Jerry Delakas — seen a few years ago during his battle to save his newsstand — operated the Astor Place kiosk for more than 30 years, but his nephew Angelos is now helping. File photo by Jefferson Siegel

Newsstand news: Readers have noted they’re not seeing Jerry Delakas at his newsstand at Astor Place and Lafayette St. anymore. That’s because his nephew Angelos Delakas is now manning the kiosk every day. Jerry had not been feeling too well — plus kids had been stealing candy from him. As a result, he was keeping the newsstand’s front gate rolled down and selling lottery tickets from its side door. Angelos now keeps the newsstand’s front gate open once again. He said Jerry will be back in the warmer weather.

Hmm…extra cheese…with mushrooms? Thinking about a late-night pizza run? Just kidding!

CoJo, SJP, pepperoni: Council Speaker Corey Johnson has been “eating crow” this past week for having made notorious homophobe Ruben Diaz, Sr., the chairperson of  a City Council committee, in return for Diaz’s support for Johnson becoming speaker. On a lighter note, not too long ago Johnson had a cute tweet about eating…pizza. “I just walked into my neighborhood pizza place for a slice in my pajamas,” he posted. “The owner says: ‘It’s my lucky night!!’ I said: ‘Huh?’ He says: ‘All the local big wigs tonight are here Corey! Sarah Jessica Parker just came in 20 minutes ago for a slice!’ SJP + CoJo = ???” Well, it definitely equals one pumped-up pizza guy, that’s for sure!

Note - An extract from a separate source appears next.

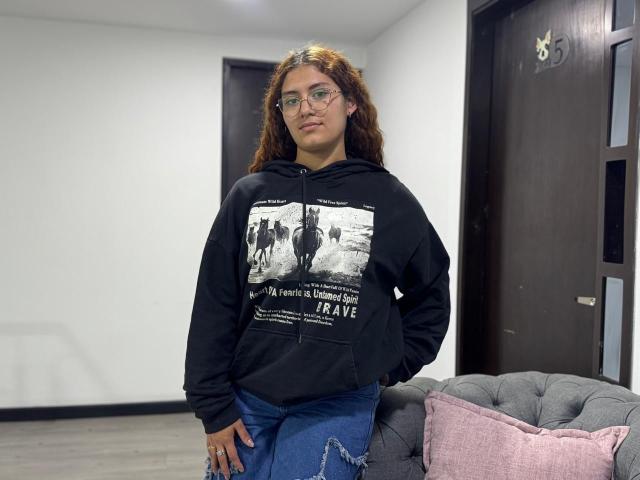 TaniaLux, curly brown hair, glasses, black hoodie with white graphic, blue jeans, standing in modern room, grey couch, pink pillow, dark wood door, casual pose, slight smirk, sexual tension.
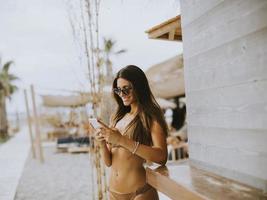 Young woman in bikini standing by the surf cabin on a beach and using mobile phonr at summer day photo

Guest drops in: Famed feminist author Susan Brownmiller recently had a high-flying guest visit her Jane St. penthouse — namely, a red-tailed hawk. The raptor hung out around 10 minutes, its talons wrapped around the rooftop deck’s railing. “Donna Schulman, my niece and a famous birder, thinks he/she was a fledgling from a Bobst/N.Y.U. nest,” Brownmiller told us. You can find Schulman’s avian insights on Facebook. 

The cover image of “John Wilcock: New York Years, 1954-1971,” an online biography in graphic novel style. Page four, about Wilcock’s dream of starting a new paper, has a dig at The Villager, whose contents back then he describes as “mostly bridge club party reports.”

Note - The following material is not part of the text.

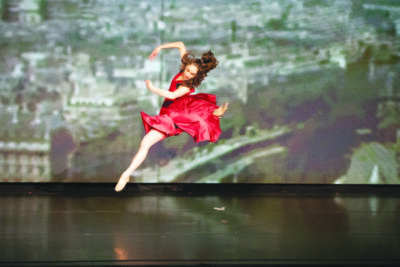 female dancer in red dress, leaping in air in dance studio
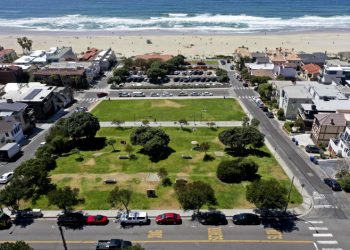 A Black family lost their beach land 100 years ago. This fall, they may finally get it back.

R.I.P., John Wilcock: Soho news source Harry Pincus tipped us off a while back that John Wilcock, the first news editor of the Village Voice, had died. Wilcock passed away last year at age 91 in Ojai, California. Jerry Tallmer, a founding editor of the Voice and its first film and theater critic, wrote a piece about British expat Wilcock that The Villager published posthumously in February 2015, a few months after Tallmer’s death at age 93.

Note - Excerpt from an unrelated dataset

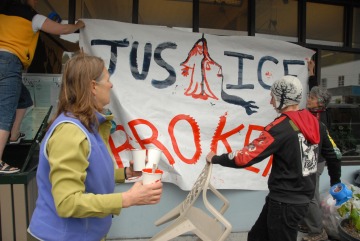 Cordovans Hang a Hand-Painted Supreme Court Exxon Valdez Court Ruling Protest Banner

“I used to bump into John at wide intervals through the years, and he always bitterly felt he never got proper credit as one of the founders of The Village Voice,” Tallmer wrote. “He was right. He didn’t. He was a pain in the ass, but an integral piece in this long-ago jigsaw puzzle. … I wish him well.” 

Pot shots: Dana Beal is off the hook. At the end of last year, an agreement was reached under which the “Grandfather of Pot” was ordered to perform 10 hours of community service. That’s all Beal gets after being busted in Northern California two years ago for attempting to drive 22 pounds of marijuana back East.

Beal, 72, had already served two years in prison in Nebraska back in 2010 and ’11 for two similar offenses, though in those cases he was transporting more, around 100 pounds of pot. He suffered a near-fatal heart attack during that stint, so dreaded the prospect of doing more hard time behind bars, fearing he wouldn’t survive.

Anyway, Beal basically told us, since California legalized weed in late 2016, the most anyone is getting for trafficking pot nowadays is a wrist slap.

“People with 200 pounds are getting nothing,” he chuckled. As for his plans for community service, he said, “I’m finding a cure for crystal meth. … I think they should give us back No. 9,” he added, apparently apropos of that. The building at Nine Bleecker St. is currently home to Overthrow Boxing, but it was formerly the headquarters of Beal’s Yippies.